Tactical RMM (TRMM) is a self-hosted RMM that integrates inventory, monitoring, patching, script execution, and remote access (via MeshCentral) with agents for Windows, Linux, and macOS (the latter two via the project’s sponsorship program). It runs on Django + Vue, NATS, PostgreSQL, and Redis, and is well-orchestrated with Docker Compose.

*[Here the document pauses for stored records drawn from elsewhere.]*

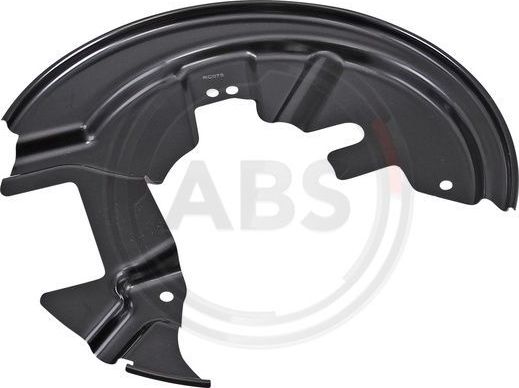 Кожух (щиток) тормозного диска ABS (Листовая сталь) передний правый для Ford Fiesta VI 2009-2019. Артикул 11413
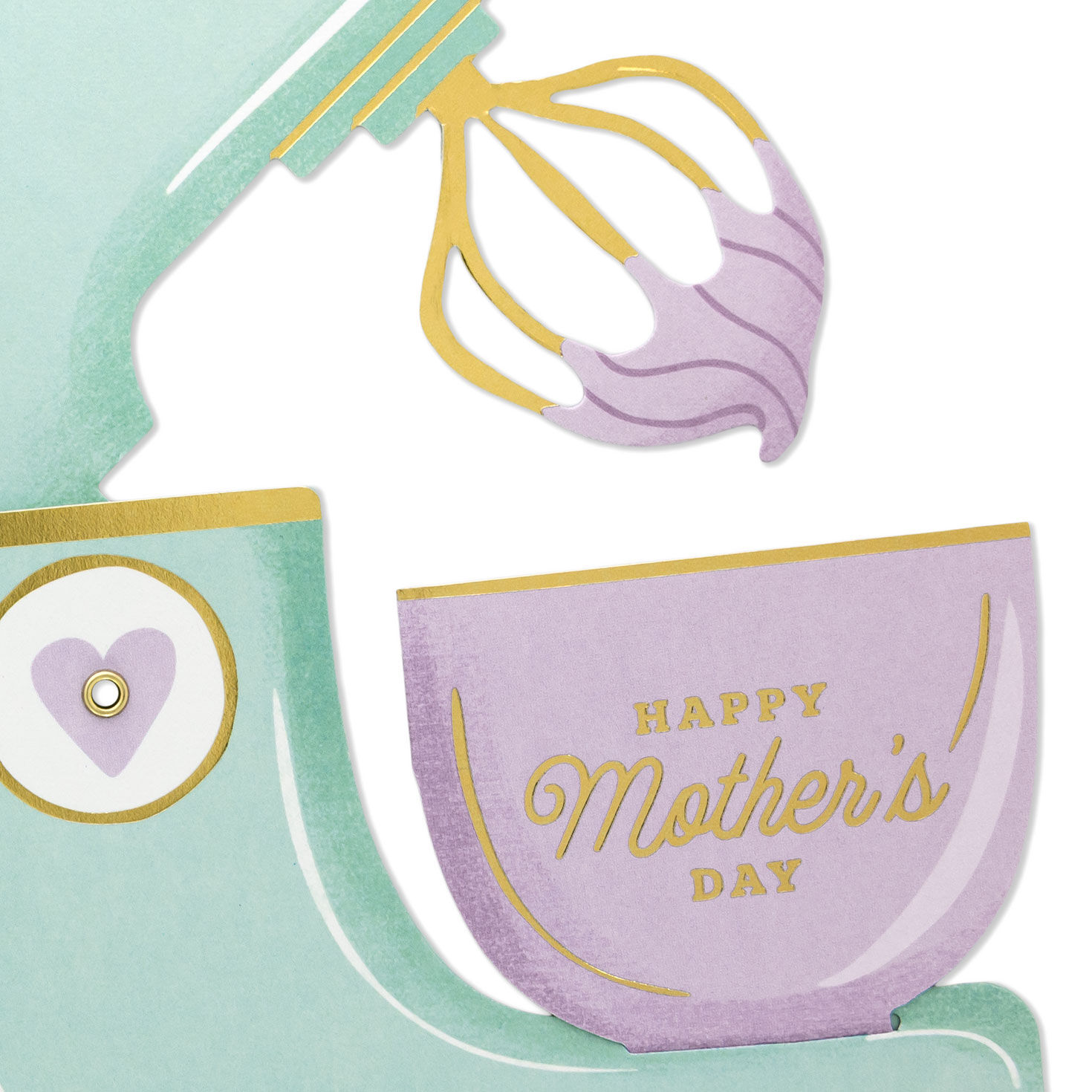 Stand Mixer Innovative Design Mother's Day Card Card Front Detail image number 4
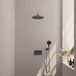 Brauer Gunmetal Carving Thermostatische Regendoucheset Inbouw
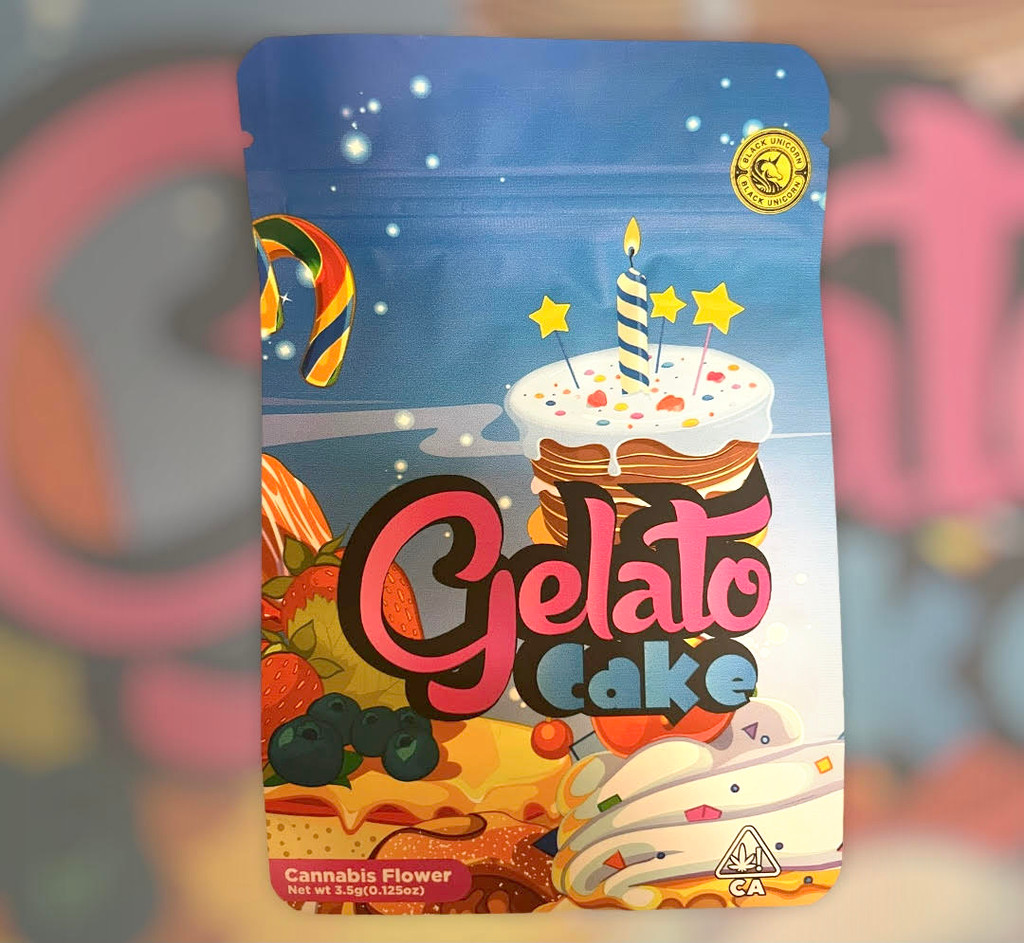 Black Unicorn - Gelato Cake Mylar bag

For small/medium environments currently living on AnyDesk/TeamViewer + scripts + GPO, TRMM reduces tool sprawl and, critically, cuts OPEX: €0 per endpoint and full control of data and attack surface.

Below is a guide focused on operations (not marketing): architecture, requirements, IaC + hardening, update runbook, backup/DR, gotchas, and realistic sizing.


1) Reference Architecture

Components (containerized):

  • Panel/UI: Vue + Django API
  • NATS: messaging/queue for tasks/telemetry
  • PostgreSQL: state database
  • Redis: broker/cache (short queues, counters)
  • MeshCentral: remote desktop, shell, file transfer
  • TLS Proxy: Traefik/Caddy/nginx with Let’s Encrypt

Recommended FQDNs (two planes):

  • rmm.example.comUI
  • api.example.comAPI/Agents

External ports: 80/443.
Internal ports (not exposed): 4222 (NATS), 5432 (Postgres), 6379 (Redis), 443xx (Mesh sub-services as needed).

HA note: TRMM is designed for single-node. You can “stretch” to light HA (PG in HA, warm backups, active/passive reverse proxy), but it’s not Kubernetes.


2) Requirements and Sizing

  • Host OS: Ubuntu 22.04 LTS (recommended) or 24.04
  • Minimum HW: 4 vCPU, 8 GB RAM, 80–120 GB SSD
  • Recommended HW (≈1,000 endpoints, moderate checks): 8 vCPU, 16–24 GB RAM, NVMe SSD
  • Deployment time: 60–120 minutes (with DNS/TLS propagated)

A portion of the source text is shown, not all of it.